A New Mob
The emergence of a new Chicago gangster.
To these inventive foreign-based groups, the Outfit’s main profit-makers, illegal gambling, loan sharking, and extortion, are laughable. These Eurasian gangsters specialize in entrepreneurship, crooked-style: mortgage fraud, healthcare fraud, and identity theft are common trade.
Chicago Sun-Times crime reporter, Steve Warmbir, called their savvy money-laundering repertoire the mobs’ “niche area.”
“We’re seeing a much greater financial sophistication,” Warmbir said. “[It's] more than the Outfit ever did.”
Their fiscal dexterity also assists them in a list of more blue-collar illicit activities. Wagner said drug and weapons trafficking, auto theft, prostitution, and jewelry theft are among the other charges known to grace the rap sheets of these emerging mobsters.
“They use [foreign] contacts to move stolen cars and jewelry overseas in order to fund narcotics trafficking,” Wagner said. “Narcotics trafficking funds the burglaries and theft.”
Extortion, although more popularly employed by the Outfit, is not below Eurasian thugs. They have implemented intimidation tactics and imposed “street taxes” to earn cash-but it’s a community business, according to Rice.
“The newer groups are doing today what the Outfit started out doing by preying on members of their own community,” Rice said of the Eurasian’s extortion techniques. “Because these communities are scared of law enforcement, they know that they can prey on them”.
The rapport between the Outfit and these strings of Eastern European groups is best qualified as a limited economic relationship, according to Wagner.
“There is a financial understanding between [the Outfit and these nontraditional groups] so both groups can remain profitable,” Wagner said. “It’s all about money.”
Language and culture barriers make it difficult for the Americanized mobsters to engage these smaller, less formalized groups in a richer, more symbiotic fashion. In fact, Walsh claimed the only time that the traditional mafia directly interacts with these untraditional groups is during drug transactions.
Law enforcement has encountered the same problems in its efforts to crackdown on these corrupt posses. Outfit operations can be taken down with more ease-without translators and without cross-cultural understanding.
The diminutive size and lack of hierarchy in these clusters have also rendered a hefty challenge for law enforcement officials. After the September Family Secrets trial, Robert Grant, who heads the Chicago FBI offices, estimated that the Outfit had four street crews-down from six-and estimated its members and associates at a little more than 100. The hyper-local structure of the Eurasian groups, many of which are based solely upon family and cultural ties, makes them harder to gauge, pinpoint, and eventually catch.
It also makes them less likely to achieve the power the Outfit once had, according to Walsh.

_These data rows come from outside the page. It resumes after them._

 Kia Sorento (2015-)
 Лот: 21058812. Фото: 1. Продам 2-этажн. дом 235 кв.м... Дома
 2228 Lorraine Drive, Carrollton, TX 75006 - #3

“There’s too many splinter groups,” Walsh said. “They aren’t organized into families, and they’ve got their own little entities.”
According to organized crime expert William Kleinknecht’s almost prophetic 1996 work The New Ethnic Mobs, “[No ethnic mob] will be as singularly powerful…as the old Mafia groups, but there will be so many more of them that police will find themselves hankering for the old days of Mafia control.”

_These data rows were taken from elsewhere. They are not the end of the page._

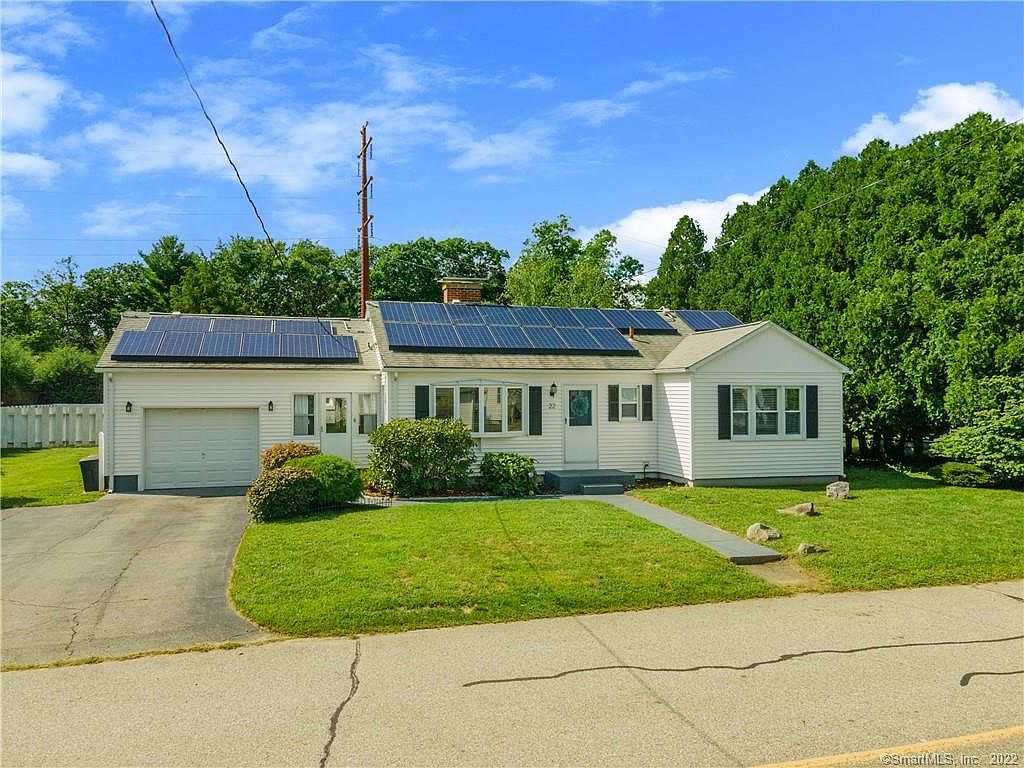 22 Graham Ter, Lisbon, CT 06351 Zillow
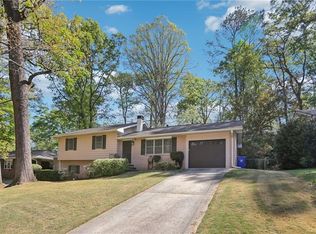 1329 Talcott Pl, Decatur, GA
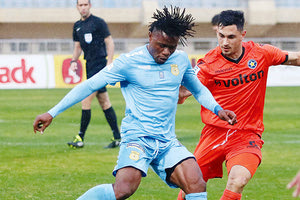 O Μπρους του Εργοτέλη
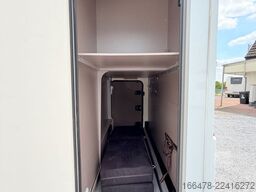 BÜRSTNER Lyseo TD 680 Harmony *Hubbett-Heckbad-Face2Face*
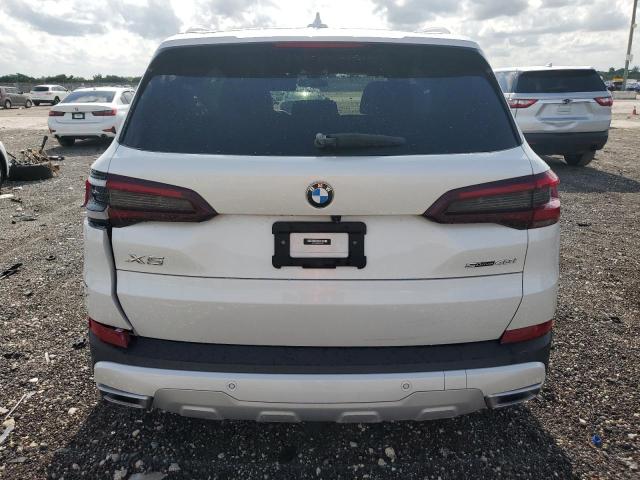 Photo 5 VIN: 5UXCR4C00P9P91365 - BMW X5 SDRIVE 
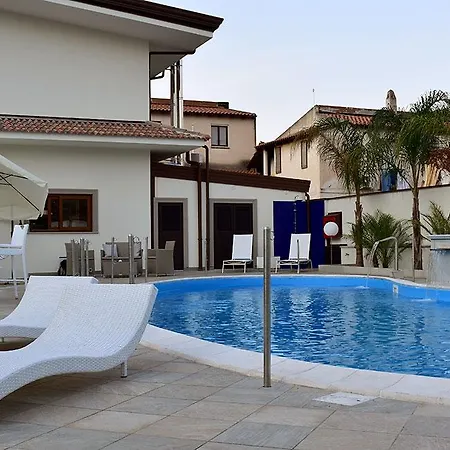 Hotel Riviera Azzurra 4*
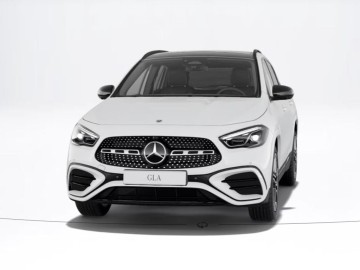Mercedes-Benz  GLA 200 d 4MATIC (foto 2)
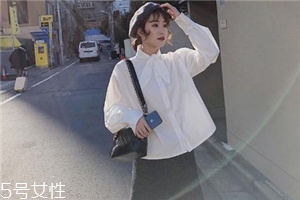 襯衫第一個(gè)扣子要扣嗎？襯衫最正確的穿法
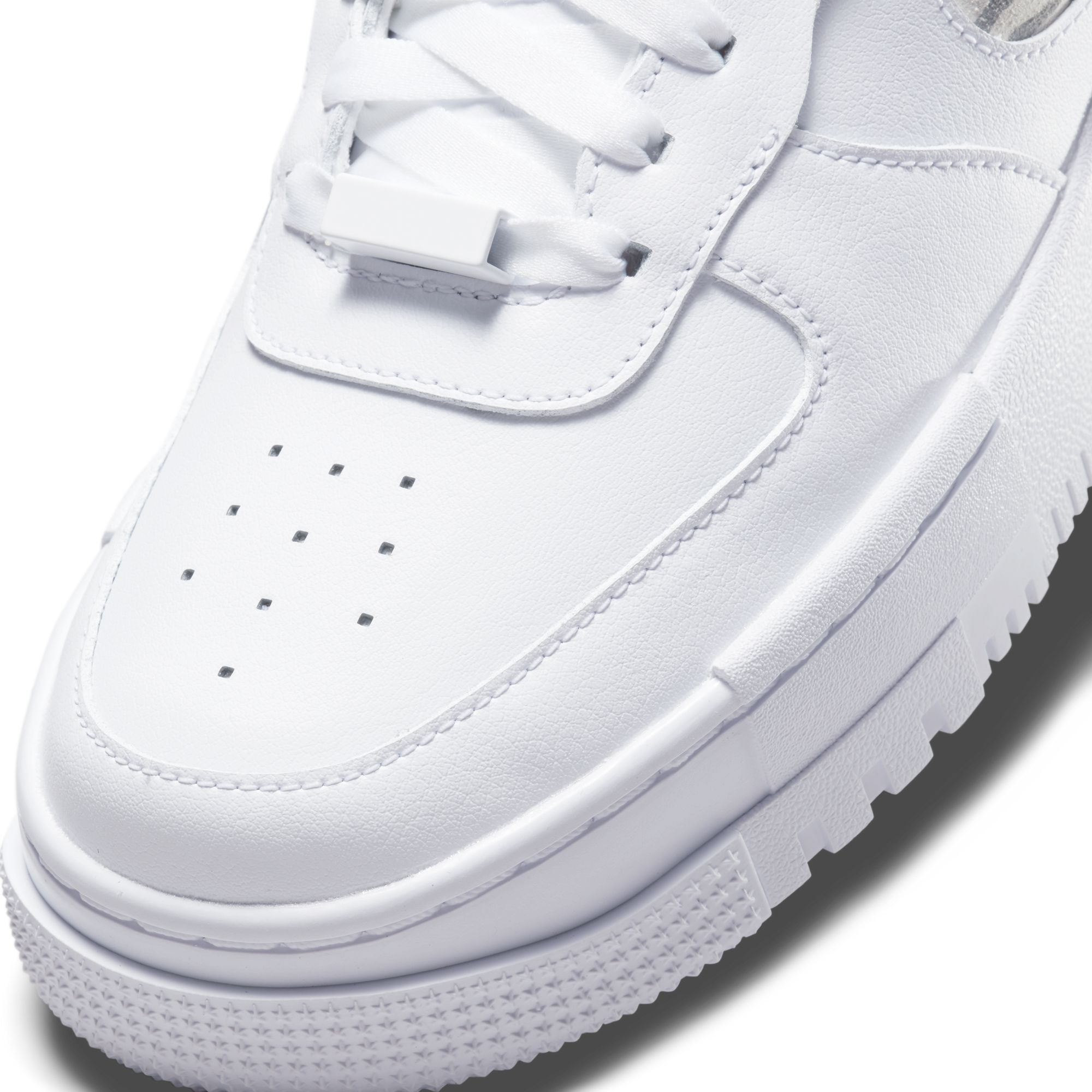 Nike Air Force 1 Pixel SE ''Animal Print'' Kadın Spor Ayakkabı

Loyola University criminologist Robert Lombardo, an expert in organized crime and a thirty-five year Chicago Police veteran, cautioned against focusing too much time and money on these groups. He argued that Eurasian mafia membership is somewhat sparse compared to the Chicago’s bigger and more violent street gangs-the Latin Kings, the Gangster Disciples, and the Vice Lords, each of which boasts close to 30,000 members.
Walsh asserted that the pressing issues of terrorism and violent crime have also made it much harder for the feds and the police to properly address the mounting problem.
“Fraud is a property crime,” Walsh said. “We just don’t have the manpower for this.”